Hat on Hook
Artist: Tatiana Kronberg | Curator: Summer Guthery
February 14th, 2014 – March 2nd, 2014
Trained as a photographer, Tatiana Kronberg is interested in the negative space that surrounds the objects as well as the positive form that space implies when the thing itself is absent. For Kronberg the entire space around an object, and the light and shadow that it reflects is of prime concern as the unrepresentable, that is, desire. Looking at photographs of luxury objects presented for sale, as well as mirrored display cases for similar products, Kronberg finds the transformative power of presentation inspiring; she wants the empty box, not the necklace. Her focus on the display mechanisms for objects (shelves at closing time, empty chocolate box inserts, velvet-lined jewelry cases) questions the nature of desire. Kronberg locates a structure in these presentation devices that, when reproduced, act similar to a photograph by their continuously poignant registration of absence/nonexistence/lack.

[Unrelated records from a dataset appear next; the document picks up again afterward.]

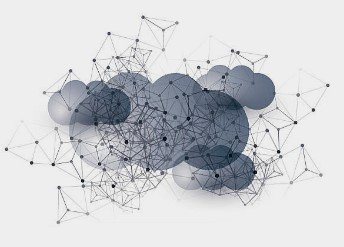dados sobre virtualização e cloud computing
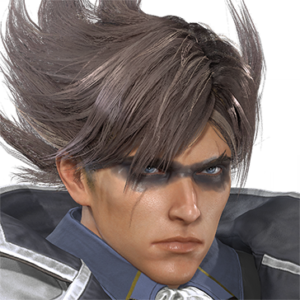 T_UI_CUS_CH_item_lzd_fap_like_glasses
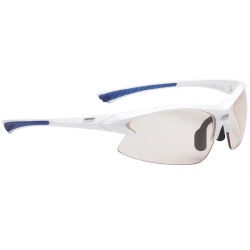 BBB 고글/BSG-38PH Impulse 스포츠글라스, 변색렌즈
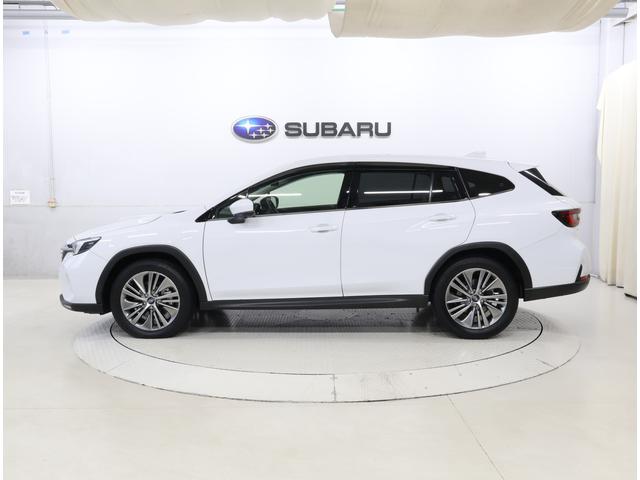 スバル レ>ガシィツーリングワゴン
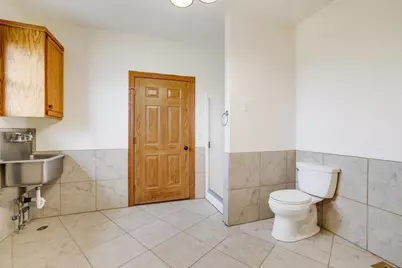 28983 320th Avenue Way, Red Wing, MN 55066 - Photo 76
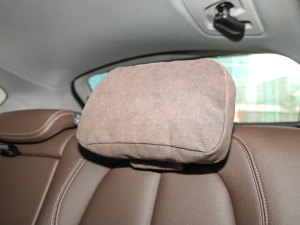 2022sDrive25Li I(lng) g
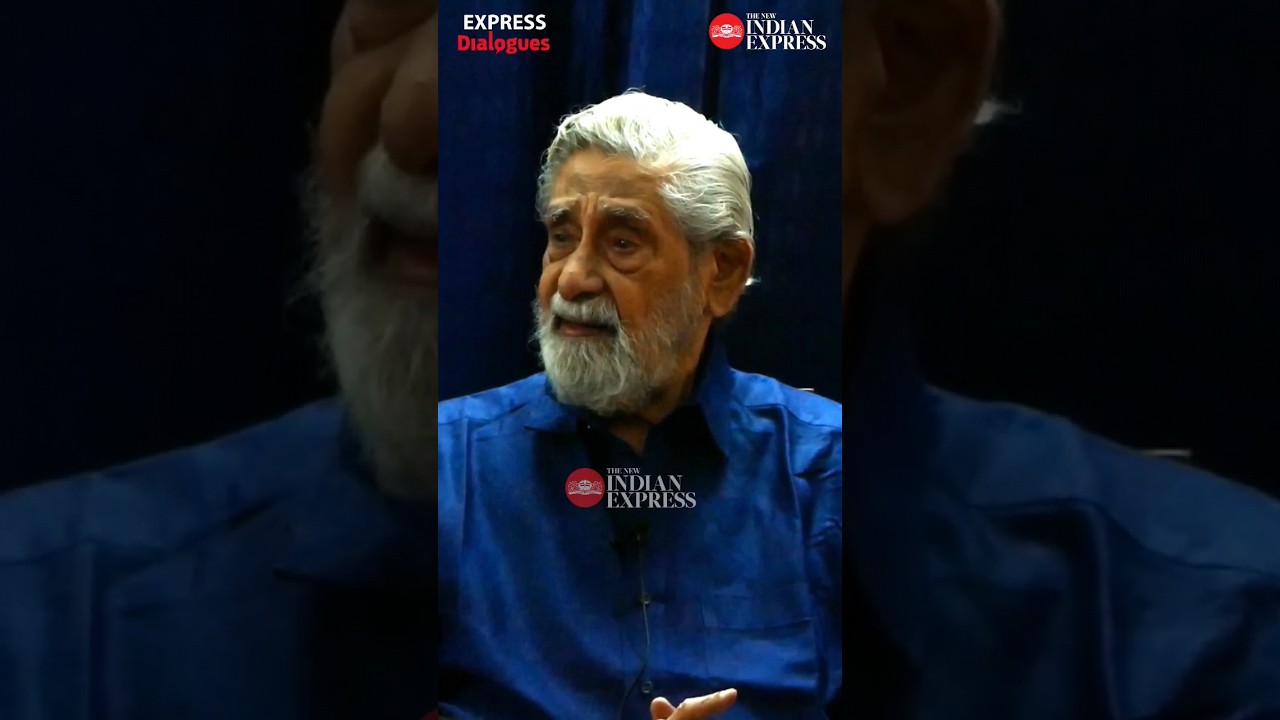 'Prem Nazir was my senior' - Madhu | #Madhu #PremNazir #Cinema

By making photographs and sculptures of these hollow spaces themselves, she formalizes the abstract space of desire.
About the artist
Tatiana Kronberg was born in St. Petersburg, Russia and lives and works in Brooklyn, NY. Her work has been exhibited in group shows in New York at the Rochester Contemporary Art Center; Bull and Ram Gallery; Family Business Gallery; Socrates Sculpture Park; 179 Canal Street; and Artists Space. She received her MFA from the ICP-Bard program in Advanced Photographic Studies (2006) and a BA from New York University (1998).
About Hat On Hook
Hat On Hook is a 6′ x 8′ gallery located within Disjecta that is dedicated to showing single objects at a time in a looser timeframe than the main galleries. These works will range from contemporary objects and art video to archival items. The intention of the space is to allow for a complication, expansion, rebuttal or insight into ideas running through the larger exhibitions – although sometimes they will exist completely independently. Many of the objects were chosen based on their need for a more intimate, closer viewing that would be impossible in a group or larger exhibition. The title of the room comes from it being the size of a closet, a place where a resident curator can hang her hat and the act of exposing your head.